=== Records supplied ===
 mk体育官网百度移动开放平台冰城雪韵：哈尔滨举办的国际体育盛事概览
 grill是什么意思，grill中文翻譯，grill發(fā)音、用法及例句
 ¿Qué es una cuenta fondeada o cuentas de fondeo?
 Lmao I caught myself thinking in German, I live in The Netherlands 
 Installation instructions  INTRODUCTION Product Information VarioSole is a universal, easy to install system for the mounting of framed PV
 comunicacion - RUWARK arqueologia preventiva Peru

...

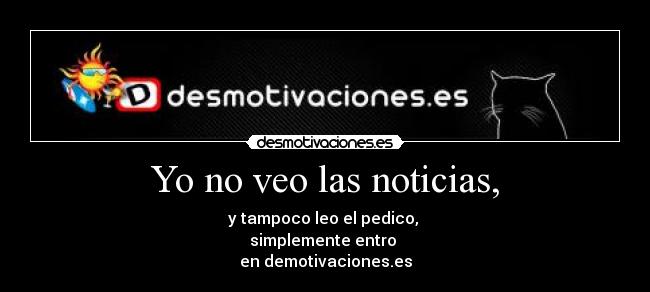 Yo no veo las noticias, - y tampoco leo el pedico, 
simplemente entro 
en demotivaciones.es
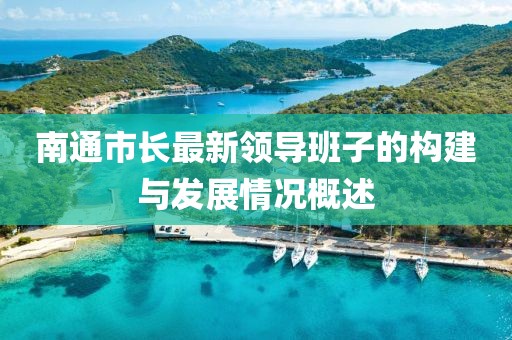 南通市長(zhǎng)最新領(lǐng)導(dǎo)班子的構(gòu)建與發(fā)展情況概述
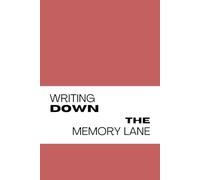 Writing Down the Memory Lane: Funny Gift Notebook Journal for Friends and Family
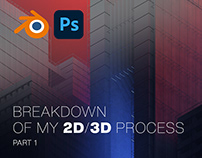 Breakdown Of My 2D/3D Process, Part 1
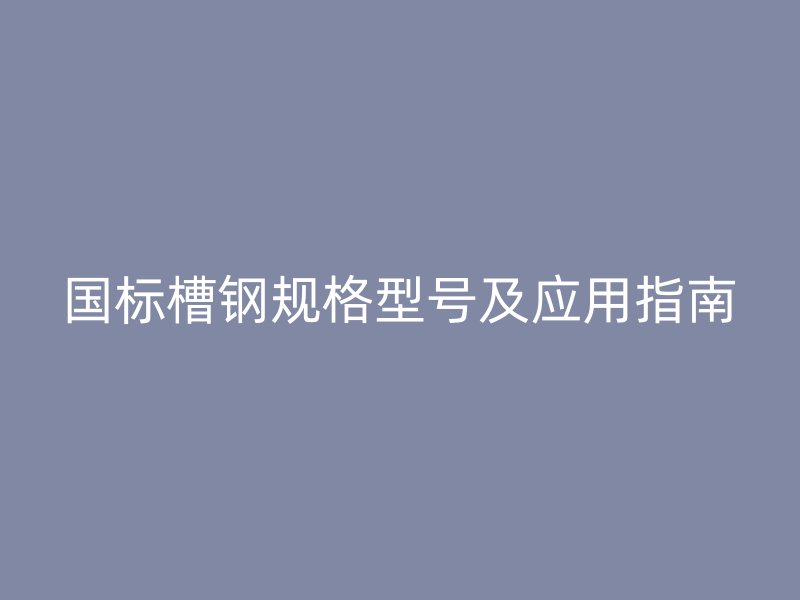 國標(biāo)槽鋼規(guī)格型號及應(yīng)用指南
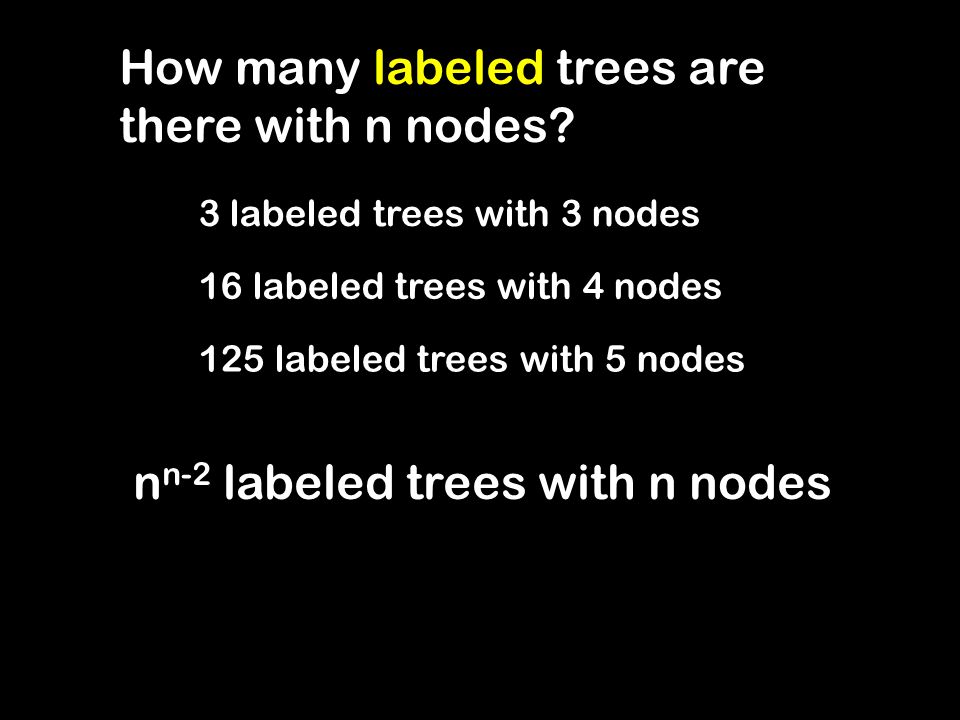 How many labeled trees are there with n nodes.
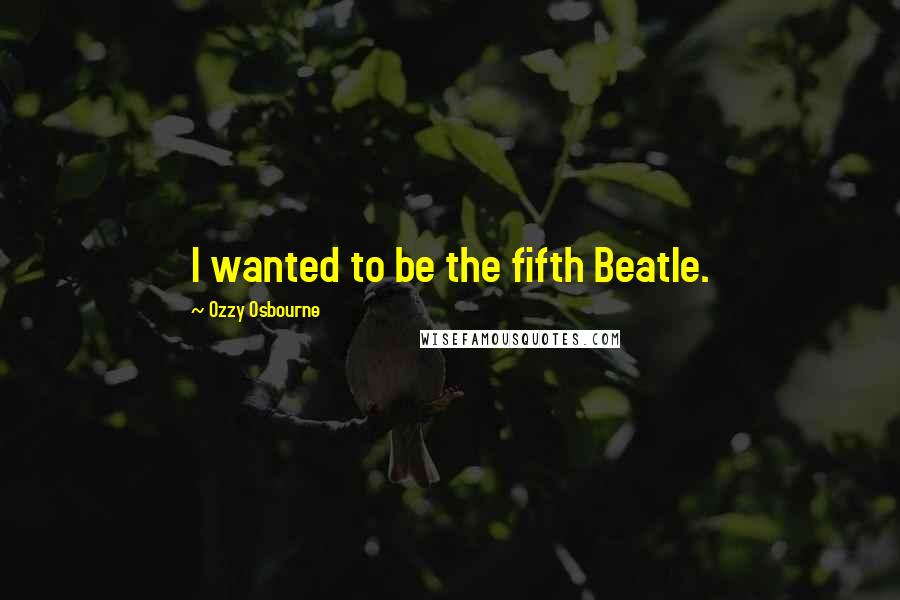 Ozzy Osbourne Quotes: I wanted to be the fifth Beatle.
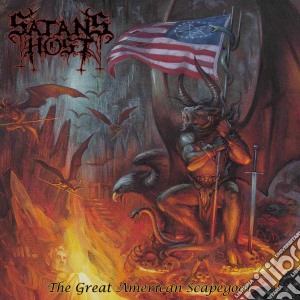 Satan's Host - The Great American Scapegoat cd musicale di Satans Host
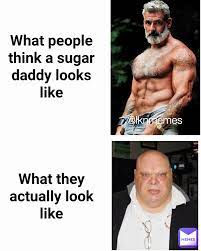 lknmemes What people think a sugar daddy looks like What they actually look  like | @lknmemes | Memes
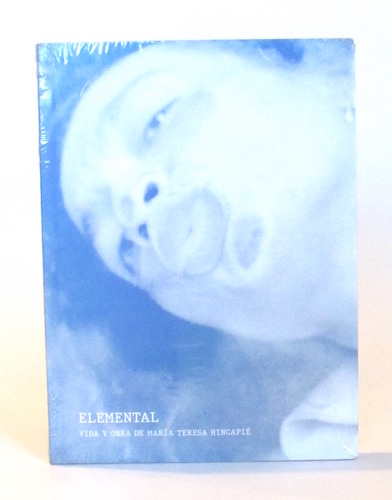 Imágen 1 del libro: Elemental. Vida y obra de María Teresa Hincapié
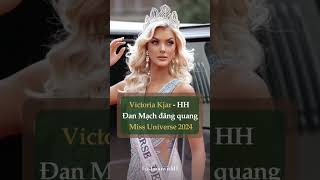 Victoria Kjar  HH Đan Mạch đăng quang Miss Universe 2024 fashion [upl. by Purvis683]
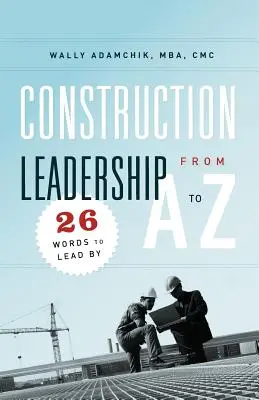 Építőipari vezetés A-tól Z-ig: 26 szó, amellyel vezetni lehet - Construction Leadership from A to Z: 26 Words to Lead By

=== How to complete this task ===
Retype exactly, and only, the lines above from the one where "mk体育官网百度移动开放平台冰城雪韵：哈尔滨举办的国际体育盛事概览" occurs up to and including the one where "Lmao I caught" occurs.

=== Solution for this problem ===
 mk体育官网百度移动开放平台冰城雪韵：哈尔滨举办的国际体育盛事概览
 grill是什么意思，grill中文翻譯，grill發(fā)音、用法及例句
 ¿Qué es una cuenta fondeada o cuentas de fondeo?
 Lmao I caught myself thinking in German, I live in The Netherlands 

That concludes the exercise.